Reputation: 263
I tried to compile some inline assembler for 64-bit iOS application.
Here's an example:
int roundff(float _value) {
int res;
float temp;
asm("vcvtr.s32.f32 %[temp], %[value] \n vmov %[res], %[temp]" : [res] "=r" (res), [temp] "=w" (temp) : [value] "w" (_value));
return res;
}
and I have this errors:
Unrecognized instruction mnemonic.
But this code compiles fine:
__asm__ volatile(
"add %[result], %[b], %[a];"
: [result] "=r" (result)
: [a] "r" (a), [b] "r" (b), [c] "r" (c)
);
Than I founded that in aarch64 I have to use fcvt instead of vcvt. Because
int a = (int)(10.123);
compiles into
fcvtzs w8, s8
but I don't know how to write it in inline assembler. Something like this
int roundff(float _value)
{
int res;
asm("fcvtzs %[res], %[value]" : [res] "=r" (res) : [value] "w" (_value));
return res;
}
also doesn't work and generates this errors:
Instruction 'fcvtz' can not set flags, but 's' suffix specified.
Invalid operand for instruction.
Also I need round instead of trim. (fcvtns)
Any help? Where I can read something more about arm(32/64) asm?
UPDATE Ok. This: float res = nearbyintf(v) compiles into nice instruction frinti s0 s0. But why my inline assembler does not work on iOS using clang compiler?
Upvotes: 1
Views: 1720
Reputation: 2076
Here is how you do it:
-(int) roundff:(float)a {
int y;
__asm__("fcvtzs %w0, %s1\n\t" : "=r"(y) : "w"(a));
return y;
}
Take care,
/A
Upvotes: 3
Reputation: 363932
You can get the rounding you want using standard math.h
functions that inline to single ARM instructions. Better yet, the compiler knows what they do, so may be able to optimize better by e.g. proving that the integer can't be negative, if that's the case.

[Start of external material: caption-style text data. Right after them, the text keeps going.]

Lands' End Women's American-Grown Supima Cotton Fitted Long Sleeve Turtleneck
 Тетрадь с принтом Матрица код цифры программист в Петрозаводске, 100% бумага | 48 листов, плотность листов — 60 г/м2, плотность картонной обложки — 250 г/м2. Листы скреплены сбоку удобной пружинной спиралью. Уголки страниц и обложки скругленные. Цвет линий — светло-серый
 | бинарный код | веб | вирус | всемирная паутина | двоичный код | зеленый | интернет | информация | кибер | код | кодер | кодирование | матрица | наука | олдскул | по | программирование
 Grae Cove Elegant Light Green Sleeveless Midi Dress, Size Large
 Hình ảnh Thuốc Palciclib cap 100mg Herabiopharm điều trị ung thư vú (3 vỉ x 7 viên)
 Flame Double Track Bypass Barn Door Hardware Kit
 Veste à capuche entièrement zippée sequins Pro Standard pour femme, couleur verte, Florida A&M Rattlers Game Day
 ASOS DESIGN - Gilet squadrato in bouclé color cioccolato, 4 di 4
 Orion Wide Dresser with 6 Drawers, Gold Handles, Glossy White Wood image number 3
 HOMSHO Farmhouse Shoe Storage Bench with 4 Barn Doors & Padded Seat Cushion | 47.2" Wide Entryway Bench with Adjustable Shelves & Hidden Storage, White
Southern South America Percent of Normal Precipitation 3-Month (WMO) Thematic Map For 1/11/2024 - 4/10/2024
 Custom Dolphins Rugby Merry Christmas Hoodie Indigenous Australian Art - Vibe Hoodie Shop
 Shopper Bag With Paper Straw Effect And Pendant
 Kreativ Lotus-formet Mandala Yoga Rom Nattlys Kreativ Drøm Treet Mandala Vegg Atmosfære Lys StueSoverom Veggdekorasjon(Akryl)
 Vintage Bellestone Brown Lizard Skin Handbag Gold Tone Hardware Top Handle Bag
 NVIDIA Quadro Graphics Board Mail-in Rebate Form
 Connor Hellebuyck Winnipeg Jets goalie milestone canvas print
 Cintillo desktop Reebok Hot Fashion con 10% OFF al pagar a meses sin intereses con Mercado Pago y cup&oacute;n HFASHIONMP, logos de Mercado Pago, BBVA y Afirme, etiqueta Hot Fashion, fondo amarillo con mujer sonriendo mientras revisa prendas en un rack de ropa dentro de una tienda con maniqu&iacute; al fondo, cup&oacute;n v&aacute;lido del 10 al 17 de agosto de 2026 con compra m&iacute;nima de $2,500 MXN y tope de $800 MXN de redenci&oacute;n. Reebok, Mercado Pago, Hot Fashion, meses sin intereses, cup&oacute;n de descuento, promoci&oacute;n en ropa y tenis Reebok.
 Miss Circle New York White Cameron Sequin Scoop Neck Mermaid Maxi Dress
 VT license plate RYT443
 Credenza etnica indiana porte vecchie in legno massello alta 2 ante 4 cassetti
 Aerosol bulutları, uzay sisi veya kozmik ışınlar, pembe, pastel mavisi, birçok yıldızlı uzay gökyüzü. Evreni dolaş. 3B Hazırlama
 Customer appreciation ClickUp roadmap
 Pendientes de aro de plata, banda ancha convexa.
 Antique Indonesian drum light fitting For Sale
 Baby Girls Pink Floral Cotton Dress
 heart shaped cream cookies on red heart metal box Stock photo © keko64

Check godbolt for the compiler output:
#include <math.h>
int truncate_f_to_int(float v)
{
int res = v; // standard C cast: truncate with fcvtzs on ARM64
// AMD64: inlines to cvtTss2si rax, xmm0 // Note the extra T for truncate
return res;
}
int round_f_away_from_zero(float v)
{
int res = roundf(v); // optimizes to fcvtas on ARM64
// AMD64: AND/OR with two constants before converting with truncation
return res;
}
//#define NOT_ON_GODBOLT
// godbolt has a broken setup and gets x86-64 inline asm for lrintf on ARM64
#if defined(NOT_ON_GODBOLT) || defined (__x86_64__) || defined(__i386__)
int round_f_to_even(float v)
{
int res = lrintf(v); // should inline to a convert using the current rounding mode
// AMD64: inlines to cvtss2si rax, xmm0
// nearbyintf(v); // ARM64: calls the math library
// rintf(v); // ARM64: calls the math library
return res;
}
#endif
godbolt has a buggy install of headers for non-x86 architectures: they still uses x86 math headers, including inline asm.
Also, your roundff
function with inline asm for fcvtzs
compiled just fine on godbolt with gcc 4.8. Maybe you were trying to build for 32bit ARM? But like I said, use the library function that does what you want, then check to make sure it inlines to nice ASM.
Upvotes: 2